片側車線の真ん中より少し左側を走っていた。

前方の対向車線に右折待ちの車がいるのが見えた。

前を行く早いペースの車が、右折待ちの対向車とすれ違った瞬間、対向車が右折を開始した。俺がすぐ後ろにいるのにもかかわらずだ。


その瞬間、俺の身体が反応した。

リアブレーキを強く踏んで、上体がシッティングのブレーキターンの体制を取る。

フロントブレーキを強く握りABSがカッカッカッと音を立てて作動する。

同時にエンストを回避する為、クラッチレバーを握り、左足が勝手に2速分シフトダウンする。

自然とシートの後ろに荷重を乗せるように下半身も動く。

後輪のABSが右足にフィードバックを伝えて来るが、そのまま踏み込む。

視線が右の道の先を見る。車はいない。

対向車の運転手の顔だけはチラ見出来た。じーさんだった。
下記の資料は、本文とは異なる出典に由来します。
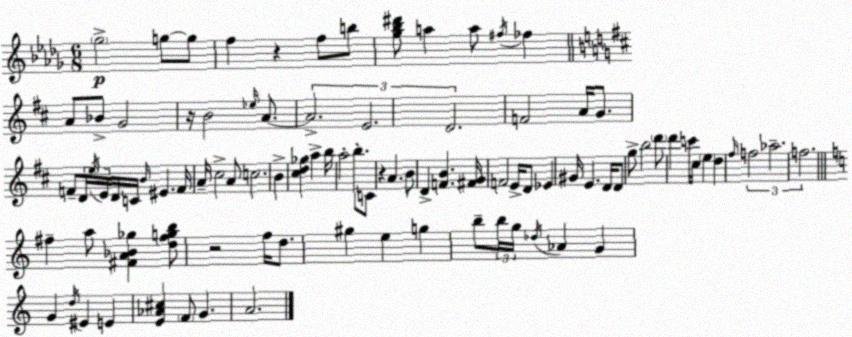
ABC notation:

X:1
T:Untitled
M:6/8
L:1/4
K:Bbm
_g2 g/2 g/2 f z f/2 b/2 [_g_b^d']/2 a a/2 ^f/4 _f A/2 _B/2 G2 z/4 B2 _e/4 A/2 A2 E2 D2 F2 A/4 G/2 F/2 D/4 e/4 E/4 D/4 C/4 B/4 ^E F/4 A/4 ^c2 A/2 c2 B [^cd_g] a b/4 a2 b/2 C/2 z A B/2 D [FB] [^FG]/4 F2 E/4 D/2 _E ^G/4 E D/4 D/2 g/2 b2 d'/2 d' c'/4 ^c/4 e d ^f/4 f2 _a2 f2 ^f a/2 [^FA_B_g] [d^fgb]/2 z2 f/4 d/2 ^g e g b/2 b/4 g/4 _d/4 _A G G d/4 ^E E [E_A^c] F/2 G A2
驚いた顔をしている。

そのまま、ブレーキターンのような姿勢で、右折して横の道に入った。

助かった。

転倒もなかったのは運がいい。

路面がドライだった事が幸いした。


頭に血がのぼっていて「こんな運転をする奴は決まってプリウスに乗るじーさんだ」

と思った。


すぐにUターンを開始するが、Uターンが終わる頃には、すでにプリウスのじーさんは、走り去った後だった。


少し頭を冷やして、思い起こしてみる。

俺の体の動きに即座に反応して、俺を裏切ることもなく、破綻することもなく、涼しい顔でこなしてくれる。

「こいつは、すごい奴だ」

「頼りになる相棒だ」

と強く思った。





気分を変えて少しゆっくりしたペースで愛宕山に向かう。

いつものように、急勾配のヘアピンを登って行く。


この急勾配の登り坂では、スロットルを開けながらコーナーリングをする必要がある。バンク角と速度が釣り合わないと安定した旋回ができない。
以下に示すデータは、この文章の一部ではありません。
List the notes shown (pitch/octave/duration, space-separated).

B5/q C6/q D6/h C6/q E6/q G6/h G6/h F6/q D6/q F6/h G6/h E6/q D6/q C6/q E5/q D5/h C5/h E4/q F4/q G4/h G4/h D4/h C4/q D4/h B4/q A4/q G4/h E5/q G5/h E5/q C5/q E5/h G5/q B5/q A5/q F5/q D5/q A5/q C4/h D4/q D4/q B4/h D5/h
速度が足りなければ思ったより内側に入るし、速ければ当然曲がりきれない。

スロットルを足したり引いたりすると安定しない。

自分の表現で言うなら「遠心力を使ったコーナーリング」という感覚だ。


MT-07でこの感覚を掴むのは、あまり難しくなかった。加減速に簡単に追従するレスポンスの良いエンジンと車体の軽さのおかげだ。


つづら折れのヘアピンも、こいつとなら、とても楽しめた。



この日は曇りで夕日を見ることはできなかった。思ったよりも早く日が暮れて暗くなった。